The problem: Exactly as written, repeat all of the records below.

[Scraped caption text data]
■ ■ ■ ■

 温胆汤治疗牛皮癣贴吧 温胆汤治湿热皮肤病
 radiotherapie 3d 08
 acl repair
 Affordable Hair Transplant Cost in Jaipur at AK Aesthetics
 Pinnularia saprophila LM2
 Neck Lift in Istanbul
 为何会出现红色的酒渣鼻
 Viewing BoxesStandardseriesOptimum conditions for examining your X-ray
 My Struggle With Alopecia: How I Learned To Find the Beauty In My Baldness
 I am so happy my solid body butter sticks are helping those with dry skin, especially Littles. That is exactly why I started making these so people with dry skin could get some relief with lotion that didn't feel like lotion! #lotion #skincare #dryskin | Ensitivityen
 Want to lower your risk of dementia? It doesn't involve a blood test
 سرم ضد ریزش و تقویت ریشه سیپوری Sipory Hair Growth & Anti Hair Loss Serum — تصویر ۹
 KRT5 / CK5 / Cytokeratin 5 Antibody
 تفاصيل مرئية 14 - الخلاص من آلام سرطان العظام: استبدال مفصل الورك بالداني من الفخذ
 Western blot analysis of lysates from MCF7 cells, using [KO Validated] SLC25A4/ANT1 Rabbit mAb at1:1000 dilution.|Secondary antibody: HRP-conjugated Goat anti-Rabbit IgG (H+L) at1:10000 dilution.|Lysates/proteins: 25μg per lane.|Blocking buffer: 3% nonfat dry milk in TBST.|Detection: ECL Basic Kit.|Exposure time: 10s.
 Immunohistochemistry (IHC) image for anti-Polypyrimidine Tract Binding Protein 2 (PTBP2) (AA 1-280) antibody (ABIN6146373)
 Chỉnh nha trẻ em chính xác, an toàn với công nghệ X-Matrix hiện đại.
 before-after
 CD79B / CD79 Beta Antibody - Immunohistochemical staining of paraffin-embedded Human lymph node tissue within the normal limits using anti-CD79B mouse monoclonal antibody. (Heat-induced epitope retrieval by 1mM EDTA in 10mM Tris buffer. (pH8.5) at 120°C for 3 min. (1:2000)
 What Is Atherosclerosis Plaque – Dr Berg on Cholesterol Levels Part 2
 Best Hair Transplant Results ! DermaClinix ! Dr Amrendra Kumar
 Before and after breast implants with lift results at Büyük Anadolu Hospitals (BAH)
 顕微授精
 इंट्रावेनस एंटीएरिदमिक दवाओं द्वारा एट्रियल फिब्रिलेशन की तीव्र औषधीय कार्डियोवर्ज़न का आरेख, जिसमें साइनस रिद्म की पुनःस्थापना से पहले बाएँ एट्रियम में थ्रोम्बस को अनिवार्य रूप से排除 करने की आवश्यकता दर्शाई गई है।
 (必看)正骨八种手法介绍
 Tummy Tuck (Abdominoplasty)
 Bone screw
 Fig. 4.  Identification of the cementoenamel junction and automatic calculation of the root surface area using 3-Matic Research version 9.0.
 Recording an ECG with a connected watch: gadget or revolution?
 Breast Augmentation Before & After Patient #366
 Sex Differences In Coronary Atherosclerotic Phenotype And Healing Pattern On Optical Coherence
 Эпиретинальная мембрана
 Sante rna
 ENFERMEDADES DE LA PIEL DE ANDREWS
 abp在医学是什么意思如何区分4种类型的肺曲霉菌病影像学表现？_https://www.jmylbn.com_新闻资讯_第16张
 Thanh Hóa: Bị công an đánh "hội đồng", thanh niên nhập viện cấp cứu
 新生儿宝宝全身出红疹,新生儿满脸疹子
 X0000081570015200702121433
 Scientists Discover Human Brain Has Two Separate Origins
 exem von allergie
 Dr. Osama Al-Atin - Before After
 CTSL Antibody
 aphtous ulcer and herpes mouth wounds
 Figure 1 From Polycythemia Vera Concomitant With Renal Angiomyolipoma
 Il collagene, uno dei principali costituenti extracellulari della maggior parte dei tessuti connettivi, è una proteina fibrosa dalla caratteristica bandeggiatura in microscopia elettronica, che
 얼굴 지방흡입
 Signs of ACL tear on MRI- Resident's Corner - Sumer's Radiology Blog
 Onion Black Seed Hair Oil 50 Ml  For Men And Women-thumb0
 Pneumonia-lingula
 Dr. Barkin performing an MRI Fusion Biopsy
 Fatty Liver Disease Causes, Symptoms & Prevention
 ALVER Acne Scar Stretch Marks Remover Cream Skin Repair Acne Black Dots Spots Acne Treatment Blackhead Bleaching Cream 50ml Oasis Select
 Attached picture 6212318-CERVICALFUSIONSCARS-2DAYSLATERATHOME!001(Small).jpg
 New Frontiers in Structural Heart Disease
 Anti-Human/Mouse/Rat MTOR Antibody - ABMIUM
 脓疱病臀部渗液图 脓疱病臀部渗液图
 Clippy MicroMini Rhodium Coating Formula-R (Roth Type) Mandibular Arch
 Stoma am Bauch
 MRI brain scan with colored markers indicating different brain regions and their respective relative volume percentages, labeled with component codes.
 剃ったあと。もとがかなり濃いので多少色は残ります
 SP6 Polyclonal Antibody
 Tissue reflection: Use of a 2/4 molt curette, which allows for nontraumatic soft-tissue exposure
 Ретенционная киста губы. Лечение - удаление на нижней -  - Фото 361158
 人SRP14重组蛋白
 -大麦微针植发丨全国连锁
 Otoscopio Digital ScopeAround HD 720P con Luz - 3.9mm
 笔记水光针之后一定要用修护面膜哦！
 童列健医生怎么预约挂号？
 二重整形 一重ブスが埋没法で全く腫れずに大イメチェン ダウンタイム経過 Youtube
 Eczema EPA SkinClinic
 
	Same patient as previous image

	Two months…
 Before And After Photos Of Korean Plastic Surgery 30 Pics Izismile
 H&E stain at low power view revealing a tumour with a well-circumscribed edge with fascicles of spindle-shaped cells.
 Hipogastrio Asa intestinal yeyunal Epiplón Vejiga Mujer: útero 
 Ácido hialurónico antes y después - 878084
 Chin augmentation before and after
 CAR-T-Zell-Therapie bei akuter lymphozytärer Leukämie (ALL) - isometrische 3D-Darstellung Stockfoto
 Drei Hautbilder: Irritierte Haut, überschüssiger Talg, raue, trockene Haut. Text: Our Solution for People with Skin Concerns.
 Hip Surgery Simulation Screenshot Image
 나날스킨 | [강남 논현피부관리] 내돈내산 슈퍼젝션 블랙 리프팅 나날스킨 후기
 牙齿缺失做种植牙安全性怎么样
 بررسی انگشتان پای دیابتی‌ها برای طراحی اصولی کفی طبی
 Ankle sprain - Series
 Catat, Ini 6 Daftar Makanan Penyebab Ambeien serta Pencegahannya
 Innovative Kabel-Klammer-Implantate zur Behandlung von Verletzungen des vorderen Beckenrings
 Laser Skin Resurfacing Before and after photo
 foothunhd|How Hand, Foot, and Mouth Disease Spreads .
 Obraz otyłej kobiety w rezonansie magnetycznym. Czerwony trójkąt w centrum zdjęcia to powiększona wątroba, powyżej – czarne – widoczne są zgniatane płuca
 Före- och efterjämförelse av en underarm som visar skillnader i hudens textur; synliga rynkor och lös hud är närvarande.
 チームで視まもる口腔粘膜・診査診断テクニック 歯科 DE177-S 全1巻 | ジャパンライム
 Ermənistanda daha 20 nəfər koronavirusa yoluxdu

■ ■ ■ ■

Task answer:
 温胆汤治疗牛皮癣贴吧 温胆汤治湿热皮肤病
 radiotherapie 3d 08
 acl repair
 Affordable Hair Transplant Cost in Jaipur at AK Aesthetics
 Pinnularia saprophila LM2
 Neck Lift in Istanbul
 为何会出现红色的酒渣鼻
 Viewing BoxesStandardseriesOptimum conditions for examining your X-ray
 My Struggle With Alopecia: How I Learned To Find the Beauty In My Baldness
 I am so happy my solid body butter sticks are helping those with dry skin, especially Littles. That is exactly why I started making these so people with dry skin could get some relief with lotion that didn't feel like lotion! #lotion #skincare #dryskin | Ensitivityen
 Want to lower your risk of dementia? It doesn't involve a blood test
 سرم ضد ریزش و تقویت ریشه سیپوری Sipory Hair Growth & Anti Hair Loss Serum — تصویر ۹
 KRT5 / CK5 / Cytokeratin 5 Antibody
 تفاصيل مرئية 14 - الخلاص من آلام سرطان العظام: استبدال مفصل الورك بالداني من الفخذ
 Western blot analysis of lysates from MCF7 cells, using [KO Validated] SLC25A4/ANT1 Rabbit mAb at1:1000 dilution.|Secondary antibody: HRP-conjugated Goat anti-Rabbit IgG (H+L) at1:10000 dilution.|Lysates/proteins: 25μg per lane.|Blocking buffer: 3% nonfat dry milk in TBST.|Detection: ECL Basic Kit.|Exposure time: 10s.
 Immunohistochemistry (IHC) image for anti-Polypyrimidine Tract Binding Protein 2 (PTBP2) (AA 1-280) antibody (ABIN6146373)
 Chỉnh nha trẻ em chính xác, an toàn với công nghệ X-Matrix hiện đại.
 before-after
 CD79B / CD79 Beta Antibody - Immunohistochemical staining of paraffin-embedded Human lymph node tissue within the normal limits using anti-CD79B mouse monoclonal antibody. (Heat-induced epitope retrieval by 1mM EDTA in 10mM Tris buffer. (pH8.5) at 120°C for 3 min. (1:2000)
 What Is Atherosclerosis Plaque – Dr Berg on Cholesterol Levels Part 2
 Best Hair Transplant Results ! DermaClinix ! Dr Amrendra Kumar
 Before and after breast implants with lift results at Büyük Anadolu Hospitals (BAH)
 顕微授精
 इंट्रावेनस एंटीएरिदमिक दवाओं द्वारा एट्रियल फिब्रिलेशन की तीव्र औषधीय कार्डियोवर्ज़न का आरेख, जिसमें साइनस रिद्म की पुनःस्थापना से पहले बाएँ एट्रियम में थ्रोम्बस को अनिवार्य रूप से排除 करने की आवश्यकता दर्शाई गई है।
 (必看)正骨八种手法介绍
 Tummy Tuck (Abdominoplasty)
 Bone screw
 Fig. 4.  Identification of the cementoenamel junction and automatic calculation of the root surface area using 3-Matic Research version 9.0.
 Recording an ECG with a connected watch: gadget or revolution?
 Breast Augmentation Before & After Patient #366
 Sex Differences In Coronary Atherosclerotic Phenotype And Healing Pattern On Optical Coherence
 Эпиретинальная мембрана
 Sante rna
 ENFERMEDADES DE LA PIEL DE ANDREWS
 abp在医学是什么意思如何区分4种类型的肺曲霉菌病影像学表现？_https://www.jmylbn.com_新闻资讯_第16张
 Thanh Hóa: Bị công an đánh "hội đồng", thanh niên nhập viện cấp cứu
 新生儿宝宝全身出红疹,新生儿满脸疹子
 X0000081570015200702121433
 Scientists Discover Human Brain Has Two Separate Origins
 exem von allergie
 Dr. Osama Al-Atin - Before After
 CTSL Antibody
 aphtous ulcer and herpes mouth wounds
 Figure 1 From Polycythemia Vera Concomitant With Renal Angiomyolipoma
 Il collagene, uno dei principali costituenti extracellulari della maggior parte dei tessuti connettivi, è una proteina fibrosa dalla caratteristica bandeggiatura in microscopia elettronica, che
 얼굴 지방흡입
 Signs of ACL tear on MRI- Resident's Corner - Sumer's Radiology Blog
 Onion Black Seed Hair Oil 50 Ml  For Men And Women-thumb0
 Pneumonia-lingula
 Dr. Barkin performing an MRI Fusion Biopsy
 Fatty Liver Disease Causes, Symptoms & Prevention
 ALVER Acne Scar Stretch Marks Remover Cream Skin Repair Acne Black Dots Spots Acne Treatment Blackhead Bleaching Cream 50ml Oasis Select
 Attached picture 6212318-CERVICALFUSIONSCARS-2DAYSLATERATHOME!001(Small).jpg
 New Frontiers in Structural Heart Disease
 Anti-Human/Mouse/Rat MTOR Antibody - ABMIUM
 脓疱病臀部渗液图 脓疱病臀部渗液图
 Clippy MicroMini Rhodium Coating Formula-R (Roth Type) Mandibular Arch
 Stoma am Bauch
 MRI brain scan with colored markers indicating different brain regions and their respective relative volume percentages, labeled with component codes.
 剃ったあと。もとがかなり濃いので多少色は残ります
 SP6 Polyclonal Antibody
 Tissue reflection: Use of a 2/4 molt curette, which allows for nontraumatic soft-tissue exposure
 Ретенционная киста губы. Лечение - удаление на нижней -  - Фото 361158
 人SRP14重组蛋白
 -大麦微针植发丨全国连锁
 Otoscopio Digital ScopeAround HD 720P con Luz - 3.9mm
 笔记水光针之后一定要用修护面膜哦！
 童列健医生怎么预约挂号？
 二重整形 一重ブスが埋没法で全く腫れずに大イメチェン ダウンタイム経過 Youtube
 Eczema EPA SkinClinic
 
	Same patient as previous image

	Two months…
 Before And After Photos Of Korean Plastic Surgery 30 Pics Izismile
 H&E stain at low power view revealing a tumour with a well-circumscribed edge with fascicles of spindle-shaped cells.
 Hipogastrio Asa intestinal yeyunal Epiplón Vejiga Mujer: útero 
 Ácido hialurónico antes y después - 878084
 Chin augmentation before and after
 CAR-T-Zell-Therapie bei akuter lymphozytärer Leukämie (ALL) - isometrische 3D-Darstellung Stockfoto
 Drei Hautbilder: Irritierte Haut, überschüssiger Talg, raue, trockene Haut. Text: Our Solution for People with Skin Concerns.
 Hip Surgery Simulation Screenshot Image
 나날스킨 | [강남 논현피부관리] 내돈내산 슈퍼젝션 블랙 리프팅 나날스킨 후기
 牙齿缺失做种植牙安全性怎么样
 بررسی انگشتان پای دیابتی‌ها برای طراحی اصولی کفی طبی
 Ankle sprain - Series
 Catat, Ini 6 Daftar Makanan Penyebab Ambeien serta Pencegahannya
 Innovative Kabel-Klammer-Implantate zur Behandlung von Verletzungen des vorderen Beckenrings
 Laser Skin Resurfacing Before and after photo
 foothunhd|How Hand, Foot, and Mouth Disease Spreads .
 Obraz otyłej kobiety w rezonansie magnetycznym. Czerwony trójkąt w centrum zdjęcia to powiększona wątroba, powyżej – czarne – widoczne są zgniatane płuca
 Före- och efterjämförelse av en underarm som visar skillnader i hudens textur; synliga rynkor och lös hud är närvarande.
 チームで視まもる口腔粘膜・診査診断テクニック 歯科 DE177-S 全1巻 | ジャパンライム
 Ermənistanda daha 20 nəfər koronavirusa yoluxdu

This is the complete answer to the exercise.